Sat 25th February 2012 20:56 by Graham Smith
February 19th-25th 2012
One of the joys of living in this country is the flow of the seasons. 'Flow' is the operative word here as some years winter never seems to end and spring never begins, the former's sub-zero night-time temperatures and biting north-easterly winds giving way to sub-tropical midsummer heat within the space of a few days in late May, bypassing the spring altogether! Thus, to those of us addicted to the seasonal flow March and April are two of the most important months of the year as when they are blessed with days of gentle warmth and south or south-westerly breezes butterflies, wild flowers, bees, moths, migrant birds and other wildlife all appear in due order and give a smooth but steadily increasing momentum to the spring. The snow and frost of mid-February now behind us the temperature rose steadily this week to a balmy 17`C on 23rd, almost twice the average at this time of year.

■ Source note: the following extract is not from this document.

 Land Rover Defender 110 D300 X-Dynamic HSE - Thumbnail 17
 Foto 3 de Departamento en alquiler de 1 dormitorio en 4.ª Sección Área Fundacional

What a joy it is on such a day to relax on a seawall somewhere, tucked down out of the breeze, coffee and sandwiches to hand, and soak up those first blissfully warm rays of the spring. It will be too ruddy hot soon enough!

Wildlife duly responded : a Peacock in the garden on 23rd was followed by a Brimstone at The Backwarden EWT Reserve on 25th while the second bumblebee of the year, a White-tailed Bombus lucorum, in the former locality, was succeeded two days later by a Red-tailed B. lapidarius, in the second. There are precious few wild flowers out at the moment to provide nectar and pollen but the White-tailed had sacs bulging with white pollen so she must have found a source somewhere in the local gardens. Among the few species in bloom this week were the first 'wild' Primroses I have seen this year, in Poors Piece, Danbury, and clusters of the tiny white flowers of Common Whitlow Grass on the seawall at Blue House. Another sure sign of the emerging spring were a couple of Adders, both females, one at Hitchcock Meadows EWT Reserve on 23rd (seen by the warden, Peter Squire) and the other (pictured) at The Backwarden on 25th, resting on the banks of the hibernaculum where she spent the winter underground. At Blue House the fields were full of Skylark song and Meadow Pipits were performing their display flights for the first time this year.

Adder Copyright: Graham Smith

Spring truly has begun to spring!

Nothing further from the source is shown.